| Frank Terpil|
(spook, arms dealer, drug trafficker)
Brooklyn, New York, USA
|Perpetrator of||Arms for Libya|
Frank Terpil worked for the CIA and was a close friend of Ted Shackley. He officially left the agency in 1970, and was charged in absentia in the Arms for Libya and another arms deal, but fled the USA and as of 2014 was one of more than 70 U.S. fugitives reported to have received safe haven in Cuba.
He was born and grew up in Brooklyn, New York.
He worked with Ted Shackley and Edwin Wilson. The New York Times reported that Terpil "was dismissed by the C.I.A. in 1971 after a six-year career as a low-level operative", though others report that he was forced to resign in 1970 "after the agency learned that when he was posted in India he ran a hard-currency scam through Afghanistan, for his personal profit".

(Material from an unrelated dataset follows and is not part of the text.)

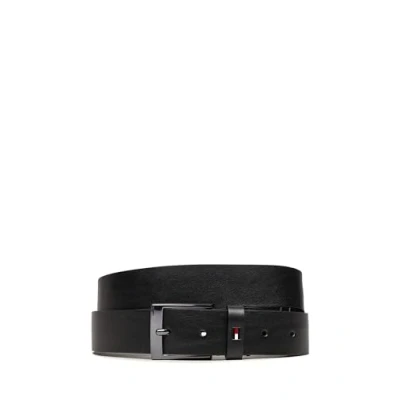 Image of Tommy Hilfiger Men&#039;s Adan New Leather Belt with Logo, Black (Black), 80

In 1980, Frank Terpil was charged in absentia in the Arms for Libya case, together with Edwin Wilson for conspiring to training Libyan terrorists in making bombs out of lamps, ashtrays and alarm clocks, and in shipping tons of C-4 from USA.
Defection to Libya
Terpil left USA and appeared in Lebanon in 1980, shortly before he was sentenced in the Arms for Libya case. In 1981 Terpil defected to Libya. There assisted Muammar Gaddafi by training his forces in "terrorism" and “eliminating” his opponents — most of them Libyan exiles living abroad.
Defection to Cuba
It is believed that Cuba’s General Intelligence Directorate hired him as an operative under the operational alias "Curiel".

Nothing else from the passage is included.